By 1867 black San Franciscans had gained access to public transportation. In 1869 they were granted the right to vote by the state of California. In 1875 they fought for desegregated schools and won. Yet in 1957, Willie Mays was initially denied the opportunity to purchase a home in an exclusive San Francisco neighborhood because he was black. In Black San Francisco, Albert Broussard explores race relations in a city where whites, for the most part, were outwardly civil to blacks while denying them employment opportunities and political power. Understanding the texture of the racial caste system, he argues, is critical to understanding why blacks made so little progress in employment, housing, and politics despite the absence of segregation laws.
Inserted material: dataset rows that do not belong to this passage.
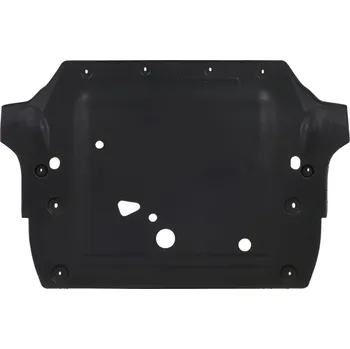 Motorový prostor Spodní kryt motoru OPEL INSIGNIA | 2017-2020 | ABS Plast |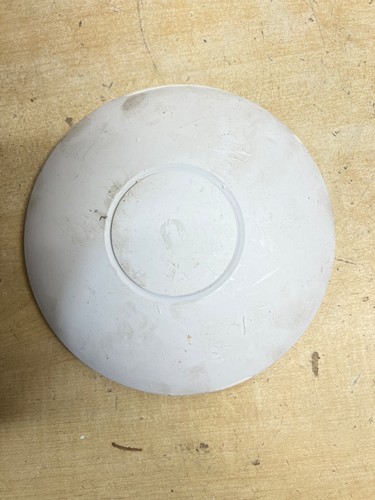 Unifi pro wireless - ap,
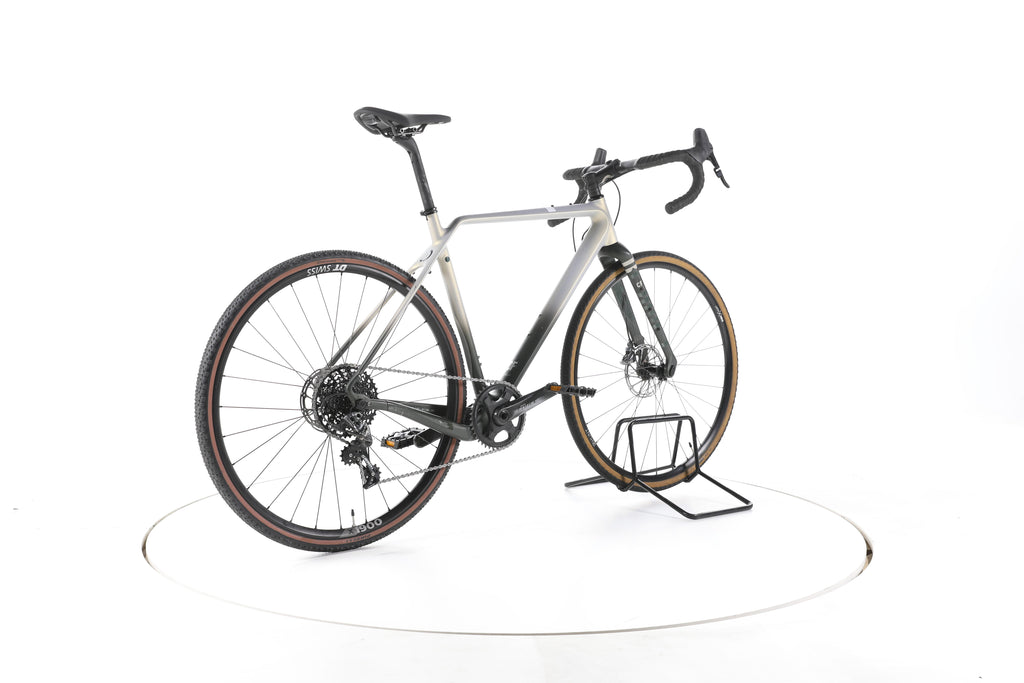 Rondo Ruut CF1 Gravelbike Carbon - Image 12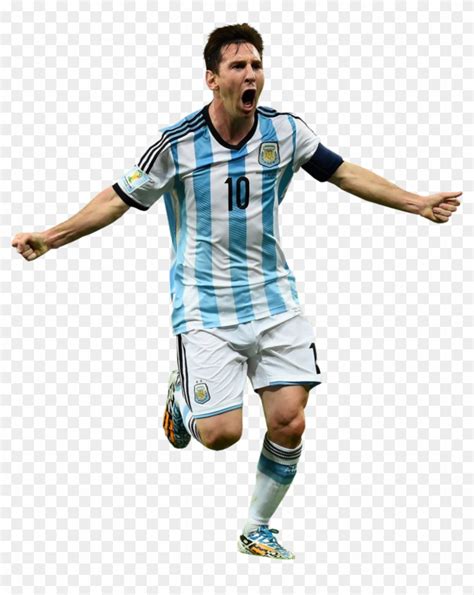 Free image hosting and sharing service, upload pictures, photo host. Argentina Lionel Messi Png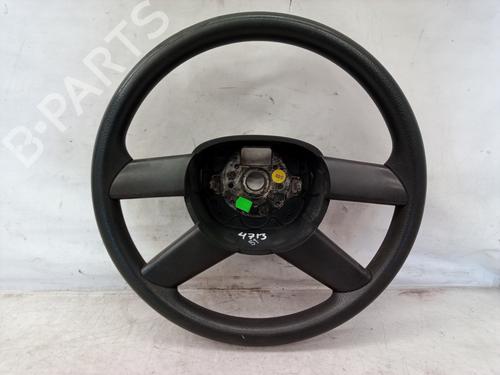 Used Steering wheel VW GOLF V (1K1) [2003-2010]  10175008
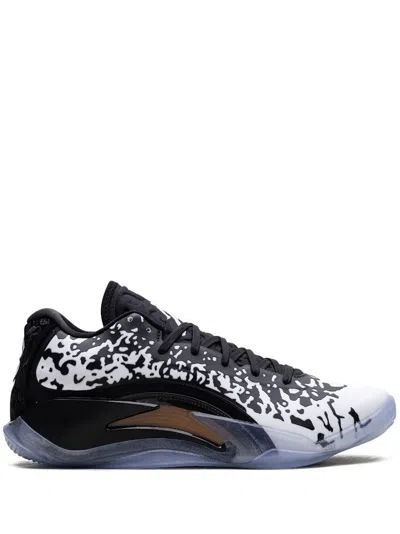 JORDAN ZION 3 SNEAKERS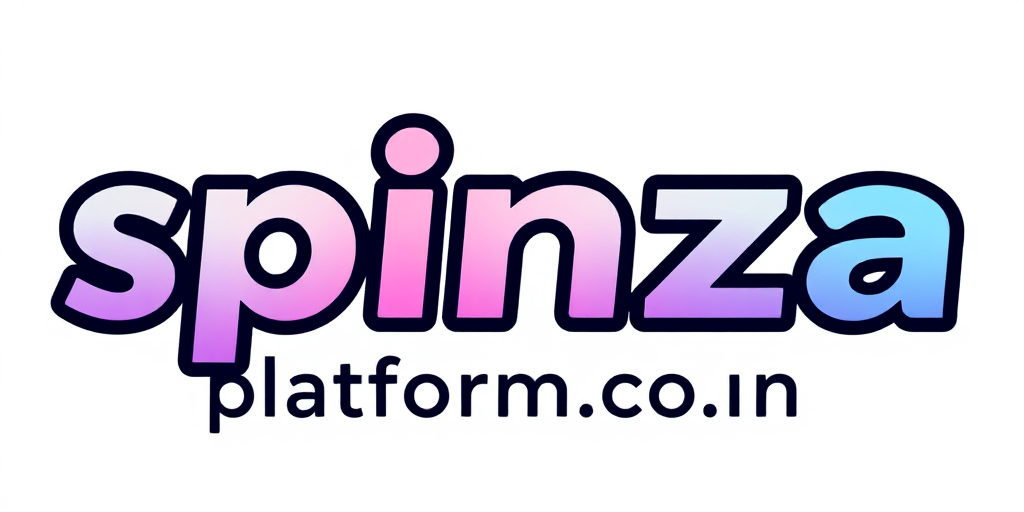 Spinza Platform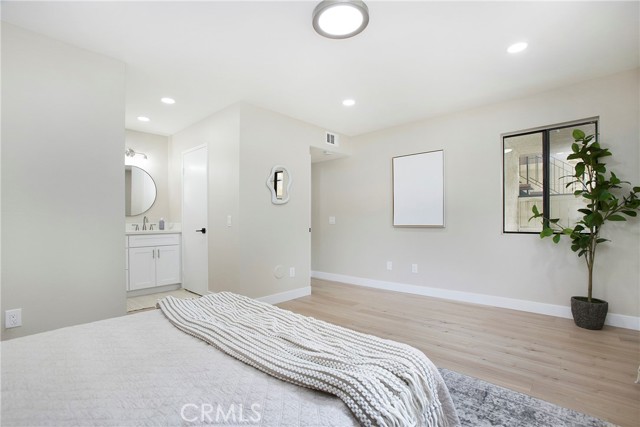 Detail Gallery Image 11 of 29 For 155 S Poplar Ave #17,  Brea,  CA 92821 - 2 Beds | 2 Baths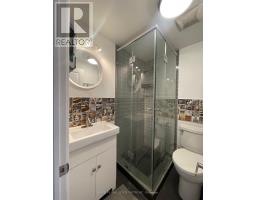 169 Gladstone Avenue, Toronto, ON M6J3L3 Photo 15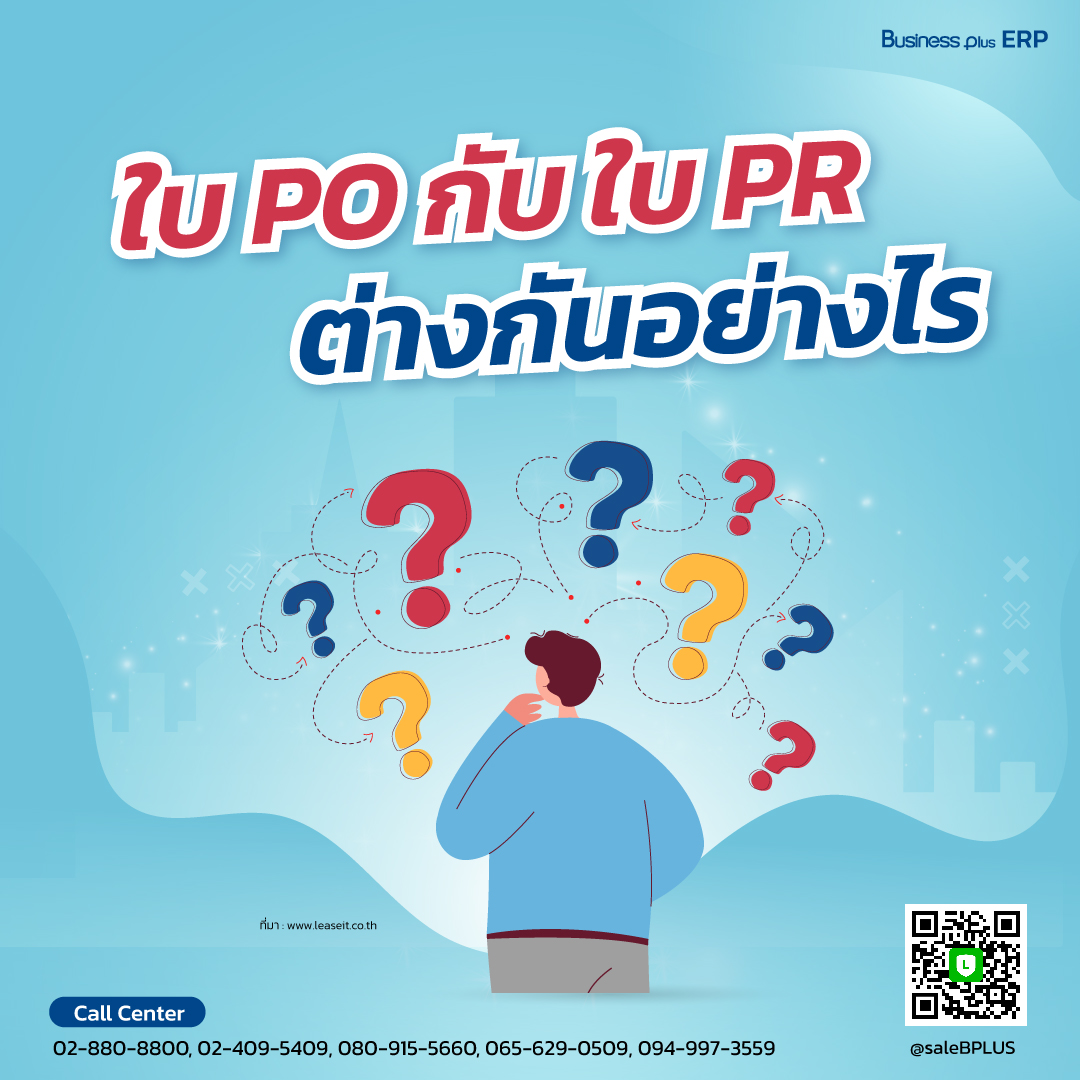 bwin game เว็บตรง สล็อต ฝากถอนออโต้ ไม่ผ่านเอเย่นต์ 2026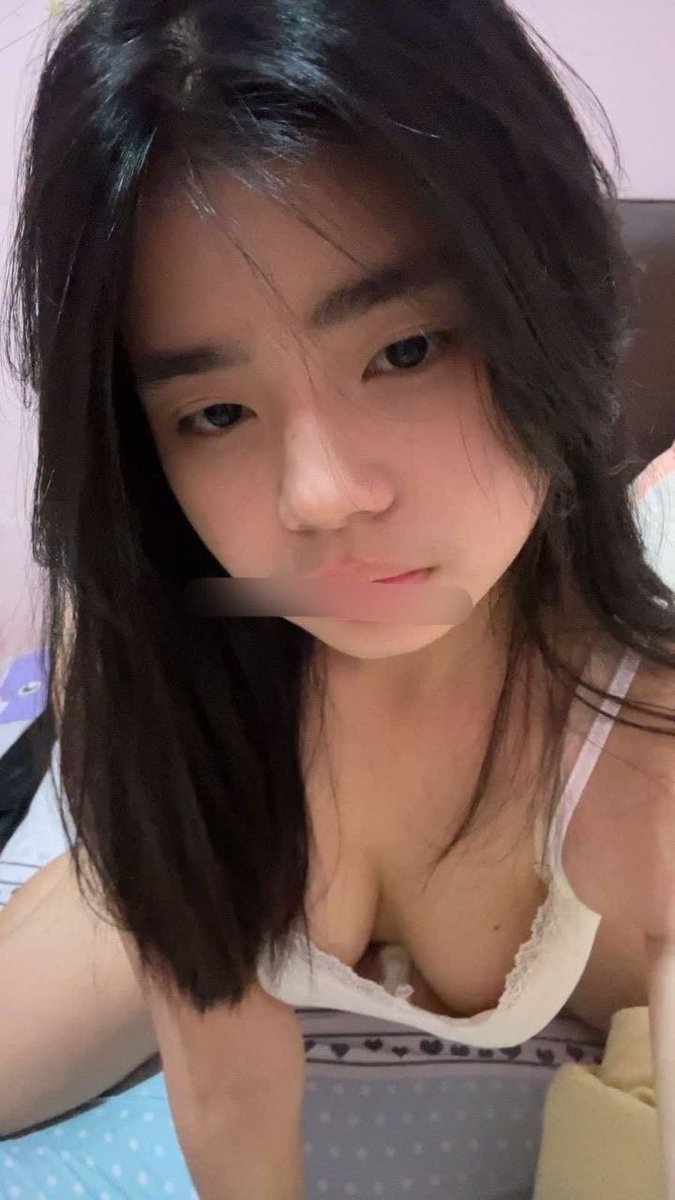 undercoverscy's tweet photo. MISS KI

FULLPACK COLLECTIONS AVAIL IN UNDERCOVER VIP
https://t.co/0g3YNcKFl9 https://t.co/8N3A45rPS0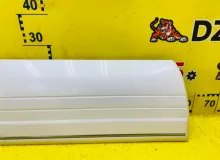 Накладка на дверь TOYOTA LAND CRUISER 2001/Цвет 057 7507260030 UZJ100W 2UZFE, передняя левая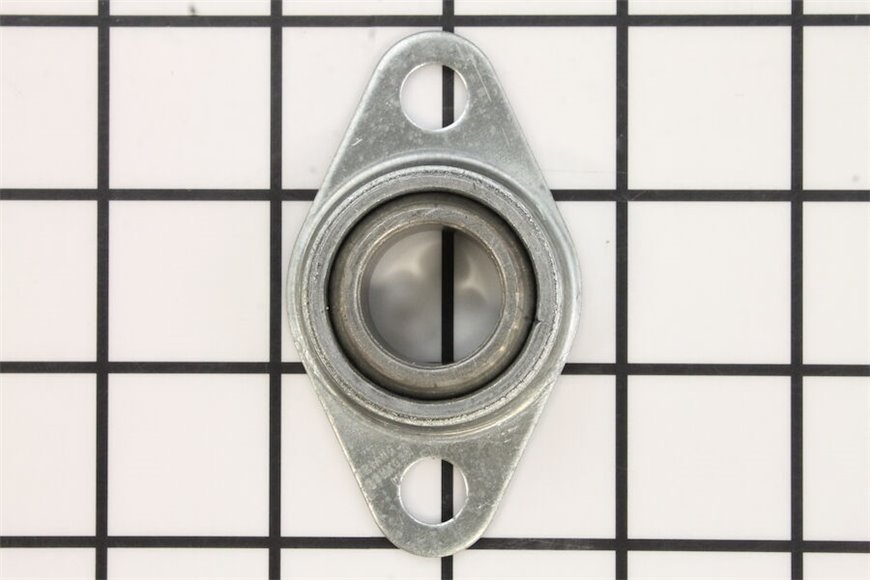 Bushing - Originale Toro - 68-2970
When it came to racial equality in the early twentieth century, Broussard argues, the liberal progressive image of San Francisco was largely a facade. Illustrating how black San Franciscans struggled to achieve equality in the same manner as their counterparts in the Midwest and East, he challenges the rhetoric of progress and opportunity with evidence of the reality of inequality for black San Franciscans. Black San Francisco is considerably broader in scope than any previous study of African-Americans in the West. It provides extensive coverage of the city's black community during the Great Depression and the New Deal, details civil rights activities from 1915 to 1954, and provides extensive biographical material on local black leaders. In his reconstruction of the plight of San Francisco's black citizens, Broussard reveals a population that, despite its small size before 1940, did not accept second-class citizenship passively yet remained nonviolent into the 1960s. He also shows how World War II was a watershed for Black San Francisco, bringing thousands of southern migrants to the bay area to work in the war industries. These migrants, in tandem with native black residents, formed coalitions with white liberals to attack racial inequality more vigorously and successfully than at any previous time in San Francisco's history.